CANBERRA, Suara Muhammadiyah – Tantangan besar yang masih menghambat lulusan Sekolah Luar Biasa (SLB) dalam memasuki dunia kerja menjadi topik yang disampaikan oleh Sekretaris Umum Pimpinan Pusat ‘Aisyiyah, Tri Hastuti Nur Rochimah, dalam Australasian Aid Conference (AAC) 2025 yang berlangsung di Acton Theatre, Crawford School of Public Policy, Australian National University (ANU), Canberra pada Jum'at (5/12).
Berbicara pada forum AAC 2025 dalam sessi yang bertema “Addressing Disability Equity and Rights: Lessons from Indonesia,” Tri memaparkan pentingnya sistem transisi yang lebih kuat dari pendidikan ke dunia kerja bagi penyandang disabilitas.
Dalam presentasinya berjudul “From Uncertainty to Hope: Promoting Inclusive Employment for Persons with Disabilities,” Tri mengungkap bahwa hambatan utama yang dihadapi lulusan SLB bukan hanya terbatasnya jalur menuju pekerjaan formal, tetapi juga minimnya pengalaman terkait proses rekrutmen dan dunia kerja sesungguhnya.
Kondisi ini diperburuk oleh stigma yang masih melekat di masyarakat, kecemasan masa depan di kalangan pemuda dengan disabilitas, serta kepatuhan yang belum optimal dari sektor pemerintah dan swasta terhadap regulasi ketenagakerjaan inklusif.
Tri menjelaskan bahwa ‘Aisyiyah melalui Program INKLUSI, berupaya memberikan dukungan menyeluruh melalui pelatihan kesiapan kerja bagi siswa dan alumni SLB. Upaya tersebut mencakup Training of Trainers (ToT) untuk guru SLB tentang kesiapan kerja dan Social Emotional Learning, pelatihan soft skills serta bimbingan karier, advokasi rekrutmen inklusif, penguatan peran keluarga melalui sesi parenting, hingga kolaborasi dengan pemerintah dan dunia usaha untuk membuka peluang magang dan penempatan kerja.
“Kami ingin memastikan bahwa transisi menuju pekerjaan dimulai sejak bangku sekolah, bukan setelah mereka lulus dan merasa bingung menghadapi dunia kerja,” ujar Tri.
Ia menegaskan bahwa perubahan ini memiliki dampak luas, terutama dalam mengubah cara pandang publik terhadap disabilitas.

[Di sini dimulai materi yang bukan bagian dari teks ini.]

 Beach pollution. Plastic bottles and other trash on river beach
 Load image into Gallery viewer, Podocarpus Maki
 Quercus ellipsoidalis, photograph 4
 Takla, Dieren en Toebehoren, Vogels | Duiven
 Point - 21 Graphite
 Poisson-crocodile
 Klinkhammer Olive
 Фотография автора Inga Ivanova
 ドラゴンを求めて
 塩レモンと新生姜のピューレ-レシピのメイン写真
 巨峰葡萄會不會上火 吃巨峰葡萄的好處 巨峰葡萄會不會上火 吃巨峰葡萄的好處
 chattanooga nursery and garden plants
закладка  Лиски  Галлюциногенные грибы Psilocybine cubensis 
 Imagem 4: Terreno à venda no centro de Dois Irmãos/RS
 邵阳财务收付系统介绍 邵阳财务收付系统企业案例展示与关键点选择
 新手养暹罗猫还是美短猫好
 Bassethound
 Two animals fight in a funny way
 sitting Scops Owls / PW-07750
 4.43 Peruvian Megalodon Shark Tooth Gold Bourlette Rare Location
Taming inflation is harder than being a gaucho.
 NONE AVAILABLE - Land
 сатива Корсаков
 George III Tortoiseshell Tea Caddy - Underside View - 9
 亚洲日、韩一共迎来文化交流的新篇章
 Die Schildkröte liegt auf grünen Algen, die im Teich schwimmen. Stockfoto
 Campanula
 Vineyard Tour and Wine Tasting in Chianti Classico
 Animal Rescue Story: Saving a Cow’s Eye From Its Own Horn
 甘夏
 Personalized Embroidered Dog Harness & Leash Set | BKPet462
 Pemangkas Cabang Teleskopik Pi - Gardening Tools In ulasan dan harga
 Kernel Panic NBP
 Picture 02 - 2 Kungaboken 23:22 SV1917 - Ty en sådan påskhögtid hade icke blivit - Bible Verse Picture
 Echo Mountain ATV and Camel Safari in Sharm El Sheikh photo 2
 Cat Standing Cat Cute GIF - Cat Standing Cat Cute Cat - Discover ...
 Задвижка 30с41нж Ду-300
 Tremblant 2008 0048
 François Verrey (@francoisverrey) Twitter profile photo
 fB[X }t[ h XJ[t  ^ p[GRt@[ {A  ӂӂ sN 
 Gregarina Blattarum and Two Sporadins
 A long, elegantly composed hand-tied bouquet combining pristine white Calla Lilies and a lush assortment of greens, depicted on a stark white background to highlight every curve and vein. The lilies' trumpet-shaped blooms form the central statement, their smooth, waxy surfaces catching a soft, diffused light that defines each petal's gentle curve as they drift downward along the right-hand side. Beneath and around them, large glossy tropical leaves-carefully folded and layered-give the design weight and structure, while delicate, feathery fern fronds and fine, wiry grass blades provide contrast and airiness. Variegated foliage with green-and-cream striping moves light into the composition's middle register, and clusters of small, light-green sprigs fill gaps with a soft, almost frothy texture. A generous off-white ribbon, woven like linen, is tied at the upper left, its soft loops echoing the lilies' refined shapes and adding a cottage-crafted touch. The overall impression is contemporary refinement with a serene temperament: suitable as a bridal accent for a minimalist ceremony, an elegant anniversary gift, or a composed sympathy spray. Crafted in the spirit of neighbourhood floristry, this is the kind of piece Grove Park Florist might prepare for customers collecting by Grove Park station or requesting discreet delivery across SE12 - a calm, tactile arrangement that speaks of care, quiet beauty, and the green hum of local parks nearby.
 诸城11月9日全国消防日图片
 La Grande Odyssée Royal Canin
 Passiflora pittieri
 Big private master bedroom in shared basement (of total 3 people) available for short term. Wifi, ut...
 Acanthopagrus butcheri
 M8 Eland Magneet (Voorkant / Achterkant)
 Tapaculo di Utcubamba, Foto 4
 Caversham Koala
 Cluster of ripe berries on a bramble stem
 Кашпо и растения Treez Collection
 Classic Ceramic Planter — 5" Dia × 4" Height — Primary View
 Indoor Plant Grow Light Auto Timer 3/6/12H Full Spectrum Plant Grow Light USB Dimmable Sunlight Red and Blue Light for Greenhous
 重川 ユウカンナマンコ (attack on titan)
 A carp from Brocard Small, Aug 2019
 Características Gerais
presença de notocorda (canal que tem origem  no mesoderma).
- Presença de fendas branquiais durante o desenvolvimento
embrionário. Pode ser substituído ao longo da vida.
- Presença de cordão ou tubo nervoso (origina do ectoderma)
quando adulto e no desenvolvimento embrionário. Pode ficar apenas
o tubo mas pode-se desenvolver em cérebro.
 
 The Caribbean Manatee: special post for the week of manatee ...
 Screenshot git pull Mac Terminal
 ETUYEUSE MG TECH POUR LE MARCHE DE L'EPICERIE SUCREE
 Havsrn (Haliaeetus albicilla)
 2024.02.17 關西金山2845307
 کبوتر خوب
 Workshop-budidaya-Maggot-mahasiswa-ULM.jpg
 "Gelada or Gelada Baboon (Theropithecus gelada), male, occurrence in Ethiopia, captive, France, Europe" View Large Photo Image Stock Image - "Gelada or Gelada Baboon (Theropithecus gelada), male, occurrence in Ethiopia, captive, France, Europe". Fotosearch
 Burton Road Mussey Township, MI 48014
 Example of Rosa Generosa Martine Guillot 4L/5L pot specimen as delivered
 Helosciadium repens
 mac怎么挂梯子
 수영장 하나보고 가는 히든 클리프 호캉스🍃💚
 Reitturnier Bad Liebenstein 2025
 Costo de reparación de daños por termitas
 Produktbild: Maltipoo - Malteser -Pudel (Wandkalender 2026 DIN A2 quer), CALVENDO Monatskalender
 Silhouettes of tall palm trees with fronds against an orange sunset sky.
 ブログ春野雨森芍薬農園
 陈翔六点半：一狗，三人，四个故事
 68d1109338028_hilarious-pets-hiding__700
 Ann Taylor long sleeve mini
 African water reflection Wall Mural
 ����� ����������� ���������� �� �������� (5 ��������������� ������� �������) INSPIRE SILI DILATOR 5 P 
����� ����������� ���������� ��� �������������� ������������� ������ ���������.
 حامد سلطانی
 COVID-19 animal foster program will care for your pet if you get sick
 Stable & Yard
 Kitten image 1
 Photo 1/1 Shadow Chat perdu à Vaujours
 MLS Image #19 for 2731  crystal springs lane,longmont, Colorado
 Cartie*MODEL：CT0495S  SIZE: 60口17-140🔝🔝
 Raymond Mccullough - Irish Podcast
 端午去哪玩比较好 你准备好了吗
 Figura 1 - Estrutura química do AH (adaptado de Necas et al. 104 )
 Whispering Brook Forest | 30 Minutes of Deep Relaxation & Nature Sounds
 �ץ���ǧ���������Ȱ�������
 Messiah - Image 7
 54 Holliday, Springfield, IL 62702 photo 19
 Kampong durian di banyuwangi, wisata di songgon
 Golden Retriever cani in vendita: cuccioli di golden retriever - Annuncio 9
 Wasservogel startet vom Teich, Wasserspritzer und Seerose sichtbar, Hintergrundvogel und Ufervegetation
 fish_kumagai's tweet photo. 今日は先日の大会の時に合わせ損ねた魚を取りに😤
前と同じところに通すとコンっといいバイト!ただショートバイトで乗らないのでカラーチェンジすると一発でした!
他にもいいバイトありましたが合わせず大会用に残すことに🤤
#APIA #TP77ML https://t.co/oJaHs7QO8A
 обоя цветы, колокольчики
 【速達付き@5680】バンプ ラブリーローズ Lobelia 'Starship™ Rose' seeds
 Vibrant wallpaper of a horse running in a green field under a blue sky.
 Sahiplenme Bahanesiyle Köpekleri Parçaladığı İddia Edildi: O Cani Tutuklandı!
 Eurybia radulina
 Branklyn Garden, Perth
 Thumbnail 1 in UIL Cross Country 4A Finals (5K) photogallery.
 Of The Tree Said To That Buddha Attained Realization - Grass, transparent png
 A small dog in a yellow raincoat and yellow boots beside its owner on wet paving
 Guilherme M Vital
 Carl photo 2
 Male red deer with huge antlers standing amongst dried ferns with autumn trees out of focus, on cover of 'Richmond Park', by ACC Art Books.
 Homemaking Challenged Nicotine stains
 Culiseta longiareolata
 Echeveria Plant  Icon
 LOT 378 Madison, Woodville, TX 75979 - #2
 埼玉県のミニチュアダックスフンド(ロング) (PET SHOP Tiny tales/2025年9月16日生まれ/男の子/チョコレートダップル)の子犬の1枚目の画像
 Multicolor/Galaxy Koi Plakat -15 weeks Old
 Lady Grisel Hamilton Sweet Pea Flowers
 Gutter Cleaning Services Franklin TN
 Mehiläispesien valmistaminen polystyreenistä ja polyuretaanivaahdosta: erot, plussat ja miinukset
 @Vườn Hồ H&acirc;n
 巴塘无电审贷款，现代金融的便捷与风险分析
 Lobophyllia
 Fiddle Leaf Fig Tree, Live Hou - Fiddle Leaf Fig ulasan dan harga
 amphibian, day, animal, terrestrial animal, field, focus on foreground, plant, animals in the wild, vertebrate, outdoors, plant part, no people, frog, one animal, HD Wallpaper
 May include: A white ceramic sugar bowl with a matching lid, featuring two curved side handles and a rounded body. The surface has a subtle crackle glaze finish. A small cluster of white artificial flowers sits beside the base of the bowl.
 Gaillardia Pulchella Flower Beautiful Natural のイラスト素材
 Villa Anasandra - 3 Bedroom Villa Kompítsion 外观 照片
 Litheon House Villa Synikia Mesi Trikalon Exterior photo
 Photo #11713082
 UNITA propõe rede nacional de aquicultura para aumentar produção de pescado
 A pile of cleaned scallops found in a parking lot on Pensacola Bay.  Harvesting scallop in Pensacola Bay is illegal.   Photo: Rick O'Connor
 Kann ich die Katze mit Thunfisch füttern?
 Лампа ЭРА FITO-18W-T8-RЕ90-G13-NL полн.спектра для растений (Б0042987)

Menurutnya, ketika ruang kesempatan dibuka dan dukungan yang tepat diberikan, pemuda dengan disabilitas mampu menunjukkan potensi dan produktivitas yang setara.
“Pengalaman kami di berbagai daerah menunjukkan bahwa mereka bukan hanya mampu bekerja, tetapi juga memberikan kontribusi ekonomi dan sosial yang signifikan,” tambahnya.
Dalam sesi tersebut, Tri turut menyoroti pentingnya aksi kolaboratif sebagaimana dilakukan oleh ‘Aisyiyah Garut, Dinas Tenaga Kerja Garut, dan SLB Muhammadiyah Bayongbong dalam mendorong kesiapan kerja dan membuka akses kesempatan bagi penyandang disabilitas. Ia menyampaikan bahwa keberhasilan berbagai inisiatif ini tidak terlepas dari peran organisasi masyarakat sipil yang menjadi penghubung kebijakan dengan kebutuhan nyata di tingkat komunitas.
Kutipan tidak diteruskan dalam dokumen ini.